HDFS HA configuration

Configuring NameNode High Availability (HA) enables StarRocks to automatically identify the new active NameNode during a failover. To access an HDFS cluster deployed in HA mode, go to the Instance Configuration page of your StarRocks instance and add the following configuration to the hdfs-site.xml file.

"dfs.nameservices" = "ha_cluster",
"dfs.ha.namenodes.ha_cluster" = "ha_n1,ha_n2",
"dfs.namenode.rpc-address.ha_cluster.ha_n1" = "<hdfs_host>:<hdfs_port>",
"dfs.namenode.rpc-address.ha_cluster.ha_n2" = "<hdfs_host>:<hdfs_port>",
"dfs.client.failover.proxy.provider.ha_cluster" = "org.apache.hadoop.hdfs.server.namenode.ha.ConfiguredFailoverProxyProvider"

The following table describes the parameters.

Parameter

Description

dfs.nameservices

Specifies a logical name for the HDFS service, which you can customize.

For example, set dfs.nameservices to my_ha.

dfs.ha.namenodes.xxx

The logical names for the NameNodes, separated by commas (,). In this parameter, xxx represents the name you set for dfs.nameservices.

For example, set dfs.ha.namenodes.my_ha to my_nn1,my_nn2.

dfs.namenode.rpc-address.xxx.nn

Specifies the RPC address information for the NameNode. Here, nn represents the name of the NameNode configured in dfs.ha.namenodes.xxx.

For example, set the dfs.namenode.rpc-address.my_ha.my_nn parameter to <hdfs_host>:<hdfs_port>.

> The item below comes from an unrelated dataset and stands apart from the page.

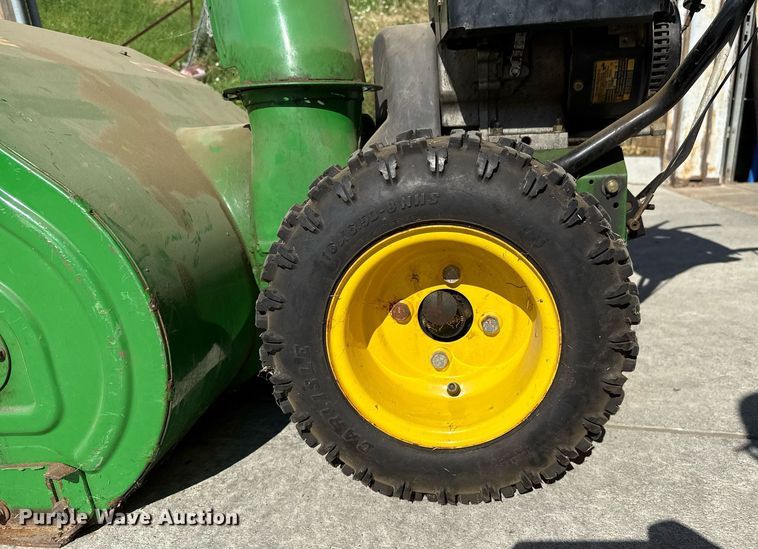 image for item DZ8595 John Deere 1332 DDE snow blower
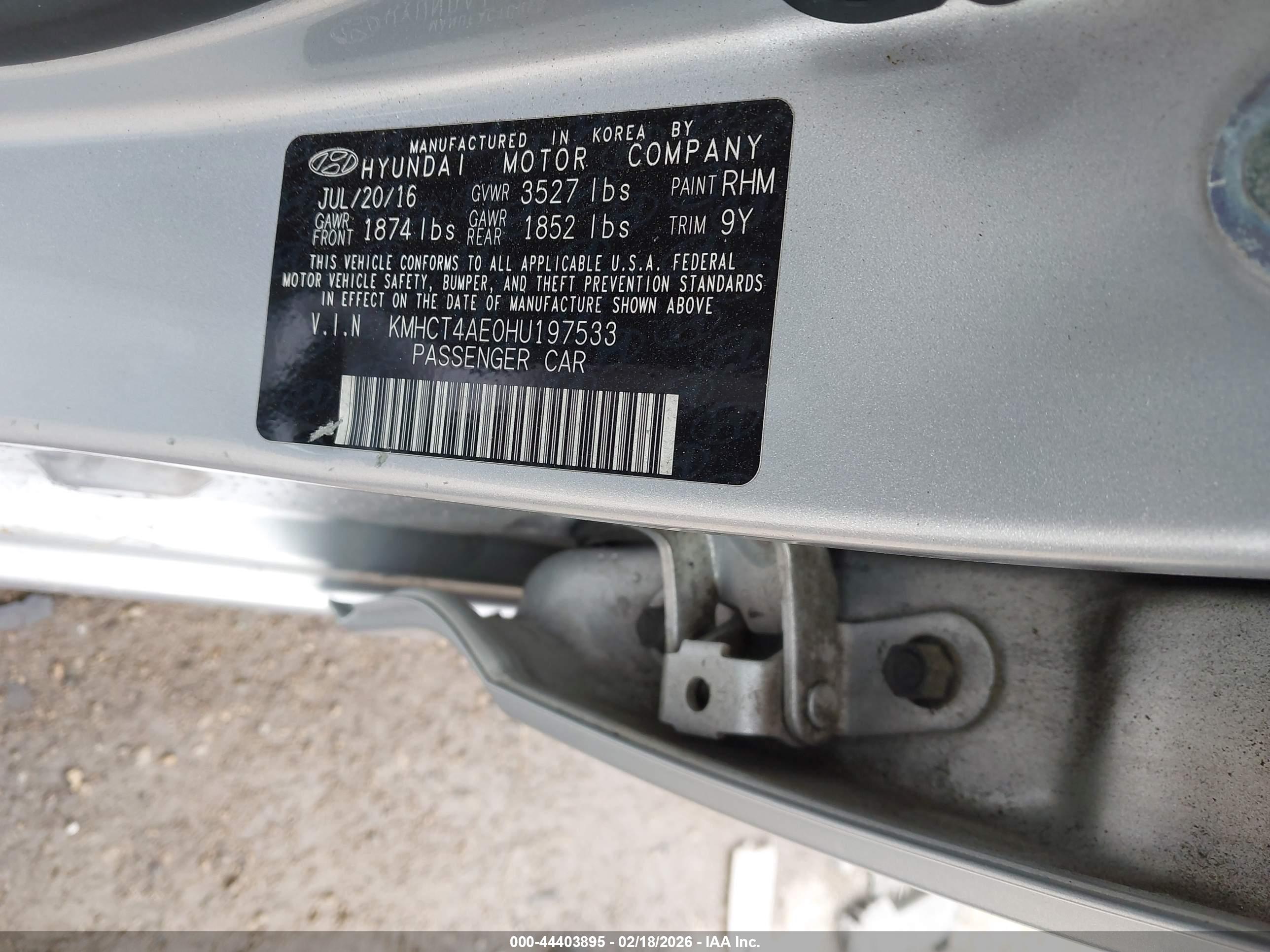 HYUNDAI ACCENT image 9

dfs.client.failover.proxy.provider.xxx

The provider class that the client uses to connect to the NameNode. The default value is org.apache.hadoop.hdfs.server.namenode.ha.ConfiguredFailoverProxyProvider.

Note

When using an EMR on ECS cluster that includes the HDFS service, go to the Services tab for the target cluster. Then, open the Configure tab of the HDFS service and find the parameter values in the hdfs-site.xml file.